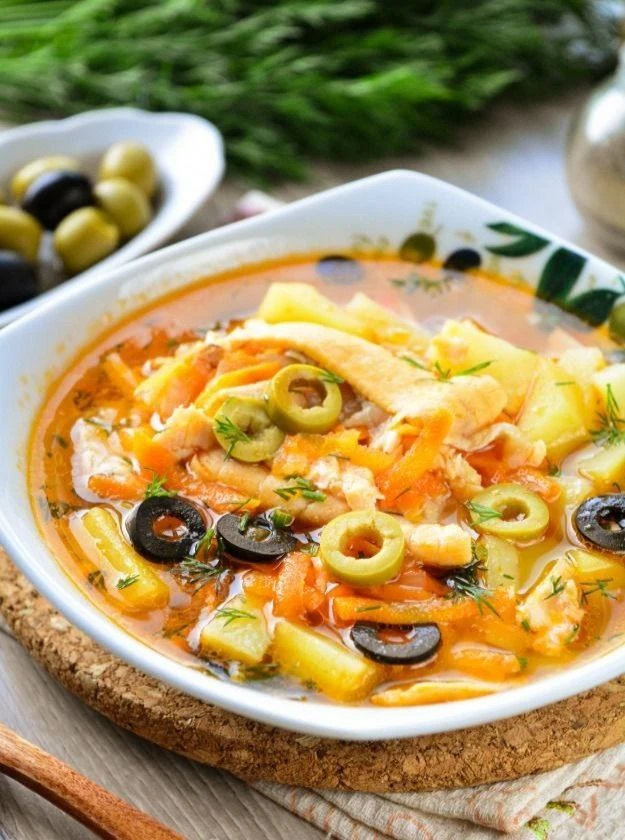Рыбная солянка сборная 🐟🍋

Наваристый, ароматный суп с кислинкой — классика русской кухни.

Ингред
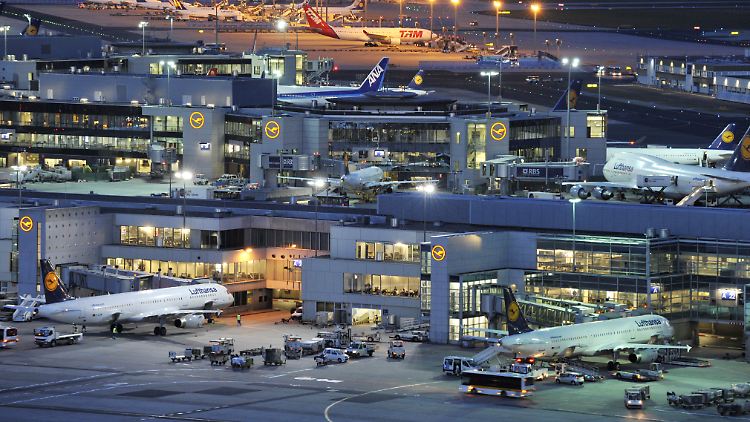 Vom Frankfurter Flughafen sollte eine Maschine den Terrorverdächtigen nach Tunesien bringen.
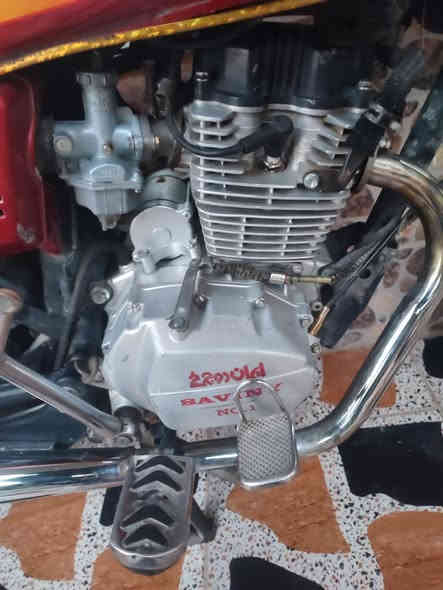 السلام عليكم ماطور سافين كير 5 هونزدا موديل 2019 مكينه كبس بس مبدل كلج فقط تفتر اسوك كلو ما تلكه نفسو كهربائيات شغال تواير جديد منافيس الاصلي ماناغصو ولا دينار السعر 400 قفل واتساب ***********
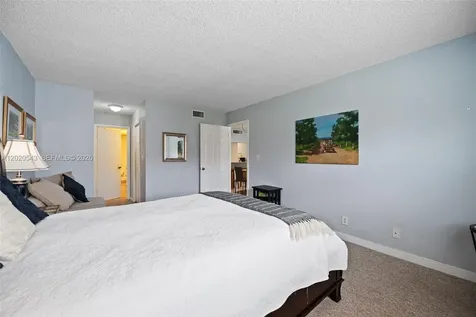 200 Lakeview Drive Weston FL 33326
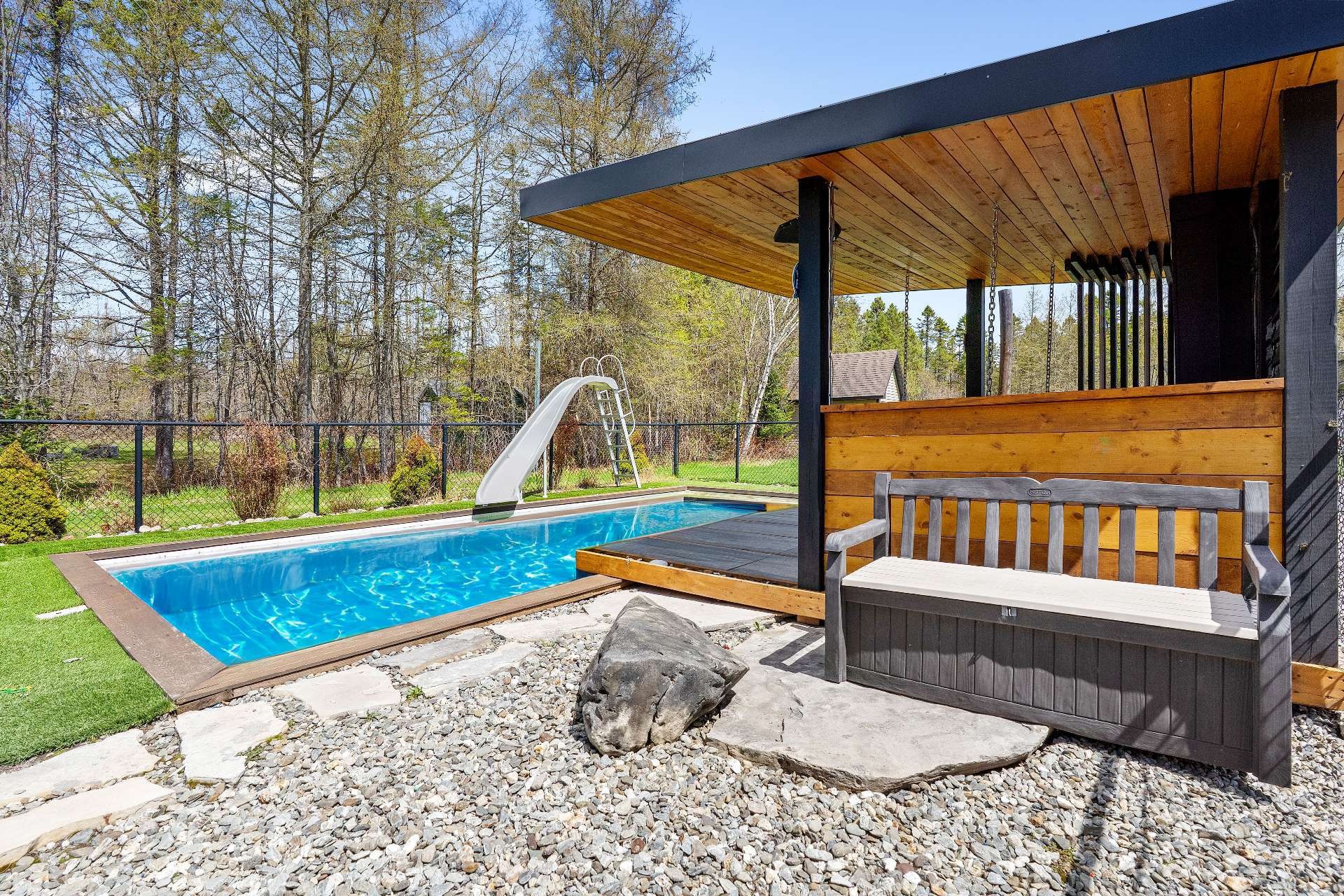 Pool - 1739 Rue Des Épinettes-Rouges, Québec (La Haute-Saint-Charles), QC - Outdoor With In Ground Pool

**ACTIVITY**
Beginning with the line containing "السلام عليكم ماطور" and ending with the last line of the data, output those lines exactly and nothing more. Omit every picture.

**SOLVED EXERCISE**
 السلام عليكم ماطور سافين كير 5 هونزدا موديل 2019 مكينه كبس بس مبدل كلج فقط تفتر اسوك كلو ما تلكه نفسو كهربائيات شغال تواير جديد منافيس الاصلي ماناغصو ولا دينار السعر 400 قفل واتساب ***********
 200 Lakeview Drive Weston FL 33326
 Pool - 1739 Rue Des Épinettes-Rouges, Québec (La Haute-Saint-Charles), QC - Outdoor With In Ground Pool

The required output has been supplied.